Some pundits say all these concerns are overstated. They say that allowances for collective bargaining will ensure fair contracts and better deals for labour. But who will do the negotiating? For many years, labour activists have pointed out that the current trade union structure (a single, state-controlled trade union for all workers) is obsolete. Opponents, though, are divided between those who call for the freedom to create more than one trade union, and those who want to overhaul, but keep, the single-trade union system.
In any case, the way workers were represented during negotiations for the law itself raises grave doubts about the ability of the GFTU to represent workers fairly. For example, Fergani claims, "It is no secret that the workers' representatives refused some proposed changes that would have given the labour unions a larger share of a fund created under the [proposed] labour law and to be shared between the Ministry of Manpower and the GFTU." He adds, "This is hardly surprising when the present chairman of the GFTU is likely to be the next Minister of Manpower. It is fair to conclude that, at least in relative terms, the workers' representatives failed those whom they are supposed to represent during the drafting of the proposed labour law."
Abbas said, "It is true that, on paper, labour was represented. But the current trade union structure has only a symbolic presence among private sector workers. And since [trade union officials] are the representatives of a public sector on its way to oblivion, how relevant is their representation to today's working class?" It is noteworthy that in 10 Ramadan, for example, only 17 factories have trade union committees -- out of over 1,000.
While senior GFTU officials are willing to admit off the record that they need to restructure and move into the private sector, no such moves have been made to date. Abbas argues, "The top echelons of the current trade union are not your typical trade union bureaucrats. Many of them are only a few months from retirement. All of them have been dissociated from their class for years. They have another agenda, another set of realities, to take into consideration; these are totally divorced from those of the class they allegedly represent."
As a result, many labour activists have turned away from the battle over the proposed unified labour law. Instead, they are calling for amendments to the trade union structure.
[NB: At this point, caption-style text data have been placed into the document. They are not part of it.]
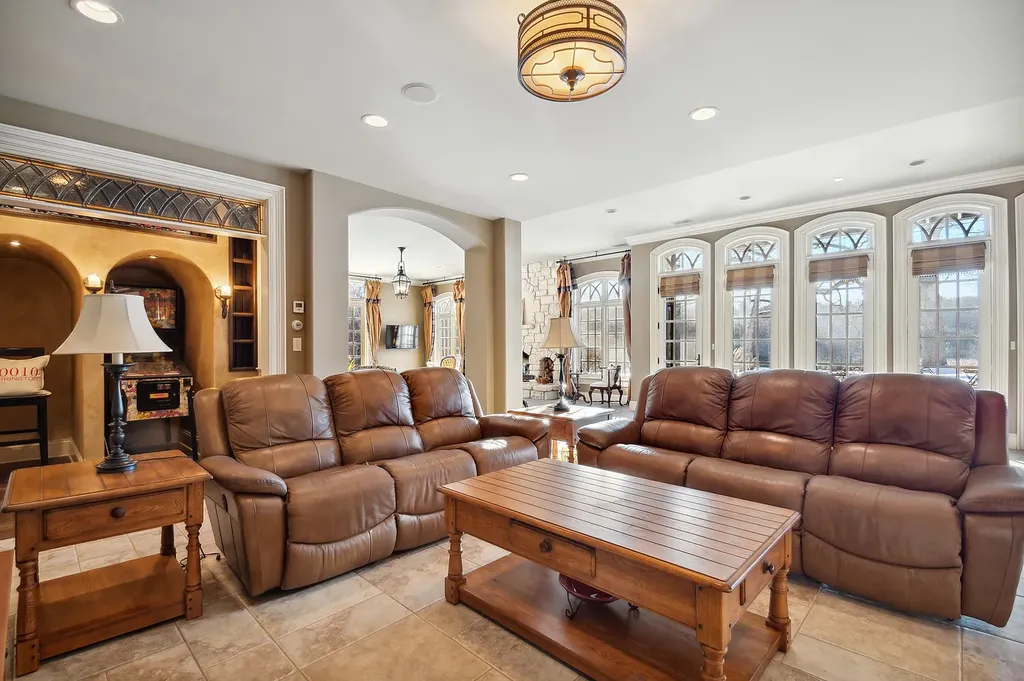 2 Rock Ridge Road Home in Barrington, Illinois. Discover the beauty of this one-of-a-kind estate in Barrington Hills, situated on 12.3 acres of picturesque land. This stunning home showcases expert craftsmanship, finest materials, and luxurious amenities. 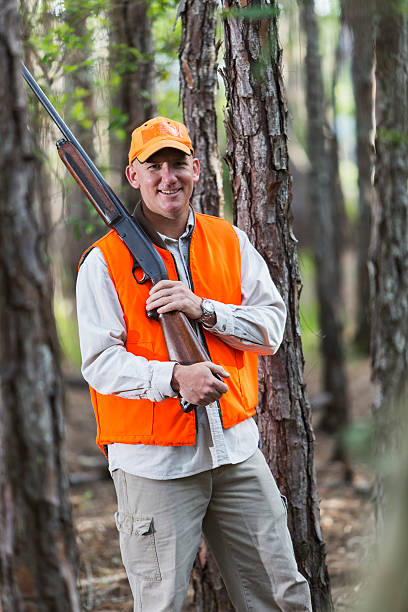 istock Man in woods hunting with shotgun 485904992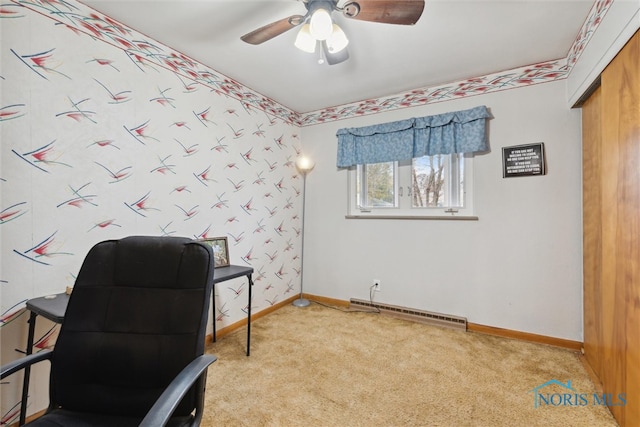 carpeted home office featuring ceiling fan and a baseboard heating unit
The activists argue that even with the best of laws, without a strong trade union and working class movement, there is no way to ensure that the law is implemented.
"The fight should really be about the need for training and re-training the working class, finding solutions to unemployment, the role of both the Ministry of Labour and Immigration, as well as the trade union. Everyone keeps postponing [these questions] and focusing on the draft law. What is all the ado about? We all know that at the end of the day unless the fundamental issues are solved labour is in a bind -- new law or not," observes Abbas.
As the popular Egyptian saying goes "the funeral rages on, but the deceased is merely a dog."